Estimate how often 95% CI contains true mean.

# HINT:
- Run many trials
- Count coverage

**Explain:** Why isn't coverage exactly 0.95 in finite simulation?

In [None]:
def estimate_ci_coverage(trials=2000, n=50):
    # TODO
    ...

cov = estimate_ci_coverage(trials=2000, n=50)
print('coverage', cov)
check('reasonable', 0.92 < cov < 0.98)

## Section 3 — Hypothesis Testing (Two-sample test intuition)
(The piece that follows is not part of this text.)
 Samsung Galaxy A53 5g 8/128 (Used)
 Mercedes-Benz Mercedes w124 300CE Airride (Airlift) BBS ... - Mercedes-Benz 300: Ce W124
### Task 3.1: Permutation test for A/B (no scipy)
Given samples A and B, test whether mean(B) - mean(A) is significant via permutation.

# HINT:
- Combine samples
- Shuffle and split
- Compute diff distribution
- p-value = fraction of diffs >= observed (two-sided if needed)

**FAANG gotcha:** p-value is not P(H0 true).

In [None]:
def permutation_pvalue(A, B, n_perm=5000, two_sided=True):
    # TODO
    ...

A = rng.normal(0.0, 1.0, size=200)
B = rng.normal(0.2, 1.0, size=200)
p = permutation_pvalue(A, B, n_perm=2000)
print('p-value', p)
check('p_range', 0 <= p <= 1)

## Section 4 — Multiple Comparisons (Gotcha)

### Task 4.1: Bonferroni correction
If you run m tests at alpha=0.05, Bonferroni uses alpha/m per test.

Compute adjusted alpha for m=20 and explain why this matters in feature slicing / metric dashboards.


In [None]:
m = 20
alpha = 0.05
# TODO
alpha_adj = ...
print('alpha_adj', alpha_adj)
check('alpha_adj', abs(alpha_adj - 0.0025) < 1e-12)

---
## Submission Checklist
- All TODOs completed
- Checks pass
- Explain prompts answered